PHILADELPHIA and ALBANY, N.Y.-- For years, lawmakers have leaned on so-called sin taxes—excise taxes on products such as tobacco and alcohol that generally have some negative attribute to consumption—to help balance budgets. The practice continues today, but a recently released study suggests the financial windfalls are often only temporary.
Since 2000, all but nine states in the United States have significantly raised tax rates on cigarettes and other tobacco products, said the report from The Pew Charitable Trusts, Philadelphia, and the Nelson A. Rockefeller Institute of Government, Albany, N.Y. The median state tax on cigarettes has increased more than fourfold—from 34 cents in 2000 to $1.57 in 2017. The circumstances behind the increases vary, but they point to two primary motivations: advancing public health by making tobacco use cost prohibitive and increasing revenue from those who continue to use tobacco.
The research found that with tobacco, the funds levied for state budgets ultimately diminishes as people buy or use less of the targeted products. Similarly, state revenue growth from taxes on alcohol and gambling is unlikely to be sustained due to how the products are taxed, changes in demand and casino competition.
The report examined state-tax trends from 2008-2016, using federal and state revenue data, academic and other relevant literature, and interviews with state officials.
Here are some significant conclusions of the research ...
Improving public health
Sin taxes are a useful tool for supporting public health objectives and can be effective in raising revenue in the short term, the study said.
Between 2005 and 2016, the smoking rate among American adults dropped from 21% to 15%—in stark contrast to the 40% who smoked in 1965. Rates of smoking among middle and high school students also declined from 2011 to 2016.
Researchers based their opinion that higher taxes can cut tobacco use on a 2011 study, "Effectiveness of Tax and Price Policies in Tobacco Control,” published on the National Institutes of Health website.

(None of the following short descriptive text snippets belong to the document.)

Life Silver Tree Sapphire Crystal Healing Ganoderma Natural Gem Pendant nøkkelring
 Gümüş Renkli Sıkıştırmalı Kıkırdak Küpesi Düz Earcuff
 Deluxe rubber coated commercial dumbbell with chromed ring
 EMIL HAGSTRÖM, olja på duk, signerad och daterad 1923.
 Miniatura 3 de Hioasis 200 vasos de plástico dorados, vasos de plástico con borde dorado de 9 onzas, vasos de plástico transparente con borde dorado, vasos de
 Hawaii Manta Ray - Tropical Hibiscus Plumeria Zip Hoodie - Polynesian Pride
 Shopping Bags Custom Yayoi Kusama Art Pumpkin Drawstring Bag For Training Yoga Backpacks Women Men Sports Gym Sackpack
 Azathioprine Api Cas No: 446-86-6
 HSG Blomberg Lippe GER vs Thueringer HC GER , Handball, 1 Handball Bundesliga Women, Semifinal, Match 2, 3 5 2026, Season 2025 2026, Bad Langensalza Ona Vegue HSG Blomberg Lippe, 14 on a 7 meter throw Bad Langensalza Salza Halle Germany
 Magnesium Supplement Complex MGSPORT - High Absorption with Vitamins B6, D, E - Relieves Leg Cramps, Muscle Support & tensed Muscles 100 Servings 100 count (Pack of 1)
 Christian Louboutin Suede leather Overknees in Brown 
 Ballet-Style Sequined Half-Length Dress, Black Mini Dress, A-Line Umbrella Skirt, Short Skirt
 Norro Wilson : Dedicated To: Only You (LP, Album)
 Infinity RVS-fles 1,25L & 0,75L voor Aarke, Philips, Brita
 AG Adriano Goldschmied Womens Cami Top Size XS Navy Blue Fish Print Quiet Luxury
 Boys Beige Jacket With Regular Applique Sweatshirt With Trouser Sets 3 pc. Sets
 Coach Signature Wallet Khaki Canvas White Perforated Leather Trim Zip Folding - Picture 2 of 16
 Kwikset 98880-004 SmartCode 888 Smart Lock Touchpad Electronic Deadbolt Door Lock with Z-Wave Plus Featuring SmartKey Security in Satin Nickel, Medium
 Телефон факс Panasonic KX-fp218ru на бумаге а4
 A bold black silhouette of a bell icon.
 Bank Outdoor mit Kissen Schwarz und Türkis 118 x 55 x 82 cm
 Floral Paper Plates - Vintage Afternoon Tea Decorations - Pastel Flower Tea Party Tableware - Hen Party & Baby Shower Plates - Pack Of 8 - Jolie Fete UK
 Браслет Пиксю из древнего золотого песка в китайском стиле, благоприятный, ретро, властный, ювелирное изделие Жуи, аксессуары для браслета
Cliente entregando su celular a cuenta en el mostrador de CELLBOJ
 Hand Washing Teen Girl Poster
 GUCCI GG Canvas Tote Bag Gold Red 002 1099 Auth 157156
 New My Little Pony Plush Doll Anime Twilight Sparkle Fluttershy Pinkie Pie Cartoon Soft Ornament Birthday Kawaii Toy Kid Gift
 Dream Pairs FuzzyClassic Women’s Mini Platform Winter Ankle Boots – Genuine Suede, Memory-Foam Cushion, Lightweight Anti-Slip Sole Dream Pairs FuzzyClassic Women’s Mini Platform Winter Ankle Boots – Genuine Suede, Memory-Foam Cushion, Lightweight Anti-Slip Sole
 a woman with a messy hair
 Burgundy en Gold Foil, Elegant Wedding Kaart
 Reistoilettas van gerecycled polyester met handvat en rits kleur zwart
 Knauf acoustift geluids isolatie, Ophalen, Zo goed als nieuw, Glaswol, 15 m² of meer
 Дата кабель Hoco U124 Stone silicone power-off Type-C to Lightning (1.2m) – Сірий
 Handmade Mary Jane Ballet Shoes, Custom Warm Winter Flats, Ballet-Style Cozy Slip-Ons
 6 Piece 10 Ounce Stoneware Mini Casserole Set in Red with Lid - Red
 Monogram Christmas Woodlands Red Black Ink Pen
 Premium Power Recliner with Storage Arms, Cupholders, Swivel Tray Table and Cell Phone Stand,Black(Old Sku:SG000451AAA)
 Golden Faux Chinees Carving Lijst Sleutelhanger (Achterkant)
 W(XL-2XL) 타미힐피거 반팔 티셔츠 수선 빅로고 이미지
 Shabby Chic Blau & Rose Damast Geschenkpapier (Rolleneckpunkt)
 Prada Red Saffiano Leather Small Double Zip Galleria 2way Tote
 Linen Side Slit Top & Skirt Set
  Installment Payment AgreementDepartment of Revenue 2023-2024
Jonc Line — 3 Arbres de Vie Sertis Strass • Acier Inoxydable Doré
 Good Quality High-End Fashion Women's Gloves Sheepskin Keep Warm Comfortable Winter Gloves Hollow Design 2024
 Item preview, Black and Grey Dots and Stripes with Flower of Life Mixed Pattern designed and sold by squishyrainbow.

States should carefully assess the sustainability of these revenue sources in the long term, especially for funding ongoing budget commitments, to avoid structural budget challenges, researchers said.
Despite moves by more than half of U.S. states to raise tax rates in recent years, the decline in tobacco consumption caused revenue from this source to drop by an average of about 1% across all states from 2008 to 2016. In those states that increased cigarette tax rates and still recorded revenue declines, those losses ranged from about 3% in Washington to nearly 26% in Louisiana between 2008 and 2016. Thirty states saw declines in tobacco tax revenue over those years.
If the Centers for Disease Control and Prevention, Atlanta, meets its goal of driving smoking rates below 12% by 2020, the tax base will continue to narrow. The study concluded that while tobacco taxes may raise enough funds for an immediate budget fix, these long-term trends should signal to policymakers that relying on this source could lead to structural challenges. As revenue continues to decline, states will face imbalances between diminishing taxes and steady or growing expenditures.
Photo courtesy of Brad Perkins.
Use history as a guide
Policymakers can benefit from considering historical experiences with sin-tax revenue as they seek to implement new, related tax policies, researchers said. States should be especially cautious about pursuing emerging sin taxes where markets are volatile and forecasts rely on limited data. Given this uncertainty, and the trends in revenue from these sources, states should also be mindful of potential pitfalls in directing new sin-tax revenue toward recurring expenditures, the report concluded.